# Topic Modeling on News Headlines

#### Dataset:

The dataset is from Kaggle which includes over 1 million news headline published over a period of 17 years.
https://www.kaggle.com/therohk/million-headlines

#### Problem Statement:

Our goal in this analysis is to find the topics of the news headlines and make predictions on unseen documents using Gensim LDA model. 

### Sample the Data

In [1]:
import pandas as pd

data = pd.read_csv('abcnews-date-text.csv')
data.head()

Unnamed: 0,publish_date,headline_text
0,20030219,aba decides against community broadcasting lic...
1,20030219,act fire witnesses must be aware of defamation
2,20030219,a g calls for infrastructure protection summit
3,20030219,air nz staff in aust strike for pay rise
4,20030219,air nz strike to affect australian travellers


In [2]:
len(data)

1186018

There are 1,186,018 records which is too many for this practice analysis, therefore, we will take a random sample of 10,000 records from the dataset.

In [3]:
documents = data.sample(10000, random_state=42)
len(documents)

10000

In [4]:
documents = documents.reset_index(drop=True)
documents.head()

Unnamed: 0,publish_date,headline_text
0,20090902,extended interview terence higgins speaks with...
1,20100329,council ceo temporarily replaced
2,20160410,adelaide united finally breaks a league premie...
3,20090921,rocca hangs up the boots
4,20071114,syphilis threatens rare marsupial with extinction


### Preprocess the Text

In this step, we are going to turn the text into a bag-of-words representation, then use lemmatize and stemming techniques to reduce the inflectional forms of each word into a common base or root.

In [5]:
import gensim
from gensim.utils import simple_preprocess
from gensim.parsing.preprocessing import STOPWORDS
from nltk.stem import WordNetLemmatizer, SnowballStemmer
import numpy as np
np.random.seed(42)

In [6]:
def lemmatize_stemming(doc):
    stemmer = SnowballStemmer('english')
    return stemmer.stem(WordNetLemmatizer().lemmatize(doc, pos='v'))

def text_preprocess(doc):
    # min_len and max_len: minimum and maximum lengths of token (inclusive)
    processed_words = gensim.utils.simple_preprocess(doc,min_len=3, max_len=15)  
    stop_words = gensim.parsing.preprocessing.STOPWORDS
    tokens = [lemmatize_stemming(token) for token in processed_words if token not in stop_words]

    return tokens

In [7]:
doc_sample = documents.iloc[551,1]  
print(doc_sample)
print()
print(text_preprocess(doc_sample))

council awaits temple tourism decision

['council', 'await', 'templ', 'tourism', 'decis']


In [8]:
processed_docs = documents['headline_text'].apply(text_preprocess)

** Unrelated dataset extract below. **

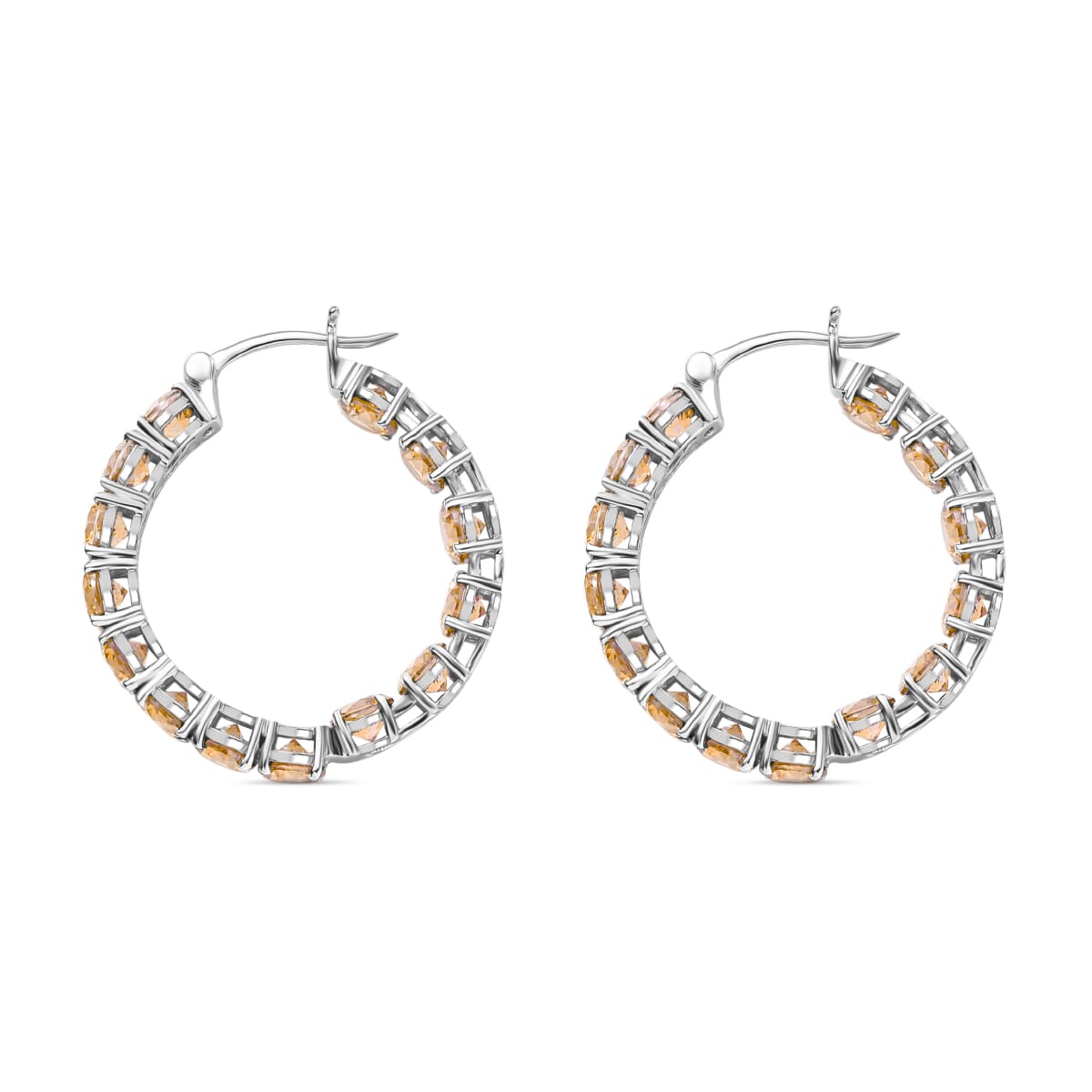 J Francis Embellished with Fancy Yellow Zirconia by Swarovski 24.40 ctw Celestial Radiance Earrings in Rhodium Over Sterling Silver image number 4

### Convert Corpus to Vectors 
There are 2 ways of transforming corpus to word vectors. One is Bag-of-words representation which uses word count, so the word order does not matter. Another way is tf-idf which transforms Bag-of-words word count into word weight. First, we will try Bag-of-words approach.

#### 1. Bag-of-Words

In [9]:
# create a dictionary - a mapping between words and their integer ids

dictionary = gensim.corpora.Dictionary(processed_docs)  # this dictionary is not the regular Python dictionary

Take a look at the first 10 words in the dictionary. Note the dictionary consists of the word ID and the word pairs. The word ID is created for this specific corpus.

In [10]:
# print out the first 10 words in the dictionary

for i, (k, v) in enumerate(dictionary.iteritems()):
    print(k, v)
    if i > 10:
        break

0 extend
1 higgin
2 interview
3 speak
4 terenc
5 ceo
6 council
7 replac
8 temporarili
9 adelaid
10 break
11 drought


Next, we are going to filter the dictionary with some parameters.The `filter_extremes` method filters out tokens in the dictionary by their frequency.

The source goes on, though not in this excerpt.